An Event-Based Downscaling Approach to Modeling Extreme Cloudburst Precipitation Events

Cloudburst events are defined as high intensity, short duration rainfall episodes that cause flash floods endangering life and property. The environments that initiate these storms are relatively complex but can be simplified to three basic conditions: moisture availability, atmospheric instability, and either a triggering mechanism or lift. These conditions vary spatially at the cloud-resolving model scale, which leaves a large gap between the spatial and temporal scales of convection-permitting models and global climate models.

Two popular strategies to close the gap across scales are empirical statistical downscaling (ESD) and regional climate modeling (RCM). These approaches simulate the local changes that global climate models do not explicitly represent, but each has some disadvantages. ESD can create large ensembles of spatially resolved precipitation projections, but it assumes a stationary relationship in time between local and large climatic scales. RCM can create dynamically consistent evolutions of atmospheric fields, but it is computationally expensive at the convection-permitting scale, which limits the number of scenarios that can be generated. Another strategy is an event-based downscaling approach termed Pseudo-Global Warming, hereafter PGW, where observed extreme storms are selected and changes in the intensity, total amount, and spatial distribution of precipitation within those storms are simulated under various scenarios. PGW retains the dynamical advantages of RCM but is efficient enough to perform broader ensembles than RCM. PGW case studies can provide insight into how historical cloudburst events may behave in future climates, which could inform urban planners.
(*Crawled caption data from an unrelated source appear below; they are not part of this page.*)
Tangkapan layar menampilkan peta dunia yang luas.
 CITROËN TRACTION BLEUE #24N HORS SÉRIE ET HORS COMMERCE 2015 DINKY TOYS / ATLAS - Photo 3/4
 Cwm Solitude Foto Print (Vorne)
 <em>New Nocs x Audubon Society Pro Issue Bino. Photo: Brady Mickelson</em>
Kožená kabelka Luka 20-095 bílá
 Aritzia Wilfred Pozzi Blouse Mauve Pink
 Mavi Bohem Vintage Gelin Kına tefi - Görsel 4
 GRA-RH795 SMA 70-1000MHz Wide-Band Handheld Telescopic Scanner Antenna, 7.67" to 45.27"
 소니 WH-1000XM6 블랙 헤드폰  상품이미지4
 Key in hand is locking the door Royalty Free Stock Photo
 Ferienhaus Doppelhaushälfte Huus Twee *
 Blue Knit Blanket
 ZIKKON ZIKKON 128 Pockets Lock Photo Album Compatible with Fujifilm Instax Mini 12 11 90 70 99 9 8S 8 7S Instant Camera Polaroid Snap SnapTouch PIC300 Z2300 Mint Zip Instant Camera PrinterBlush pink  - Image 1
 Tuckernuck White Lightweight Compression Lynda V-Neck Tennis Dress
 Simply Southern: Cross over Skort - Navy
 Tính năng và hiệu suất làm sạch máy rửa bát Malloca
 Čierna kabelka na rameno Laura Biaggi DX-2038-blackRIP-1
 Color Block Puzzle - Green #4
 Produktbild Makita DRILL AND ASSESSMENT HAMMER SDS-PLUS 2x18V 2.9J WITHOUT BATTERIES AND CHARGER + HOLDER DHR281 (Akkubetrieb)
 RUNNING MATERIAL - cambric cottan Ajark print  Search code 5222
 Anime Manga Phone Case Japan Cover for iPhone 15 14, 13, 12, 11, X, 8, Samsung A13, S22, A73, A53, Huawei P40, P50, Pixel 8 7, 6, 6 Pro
In this study, the PGW approach is explored using the Weather Research and Forecasting (WRF) for specific observed cloudburst events. A heterogeneous vertical warming profile is calculated from analogous projected environments. This method is compared against a homogeneous +4K delta approach and an ensemble mean of vertical warming at the end-of-century from the CMIP5 RCP 8.5 scenario. Analysis of the sensitivity to PGW profile is provided to inform best practices in the event-based downscaling approach to future flood risk decision making.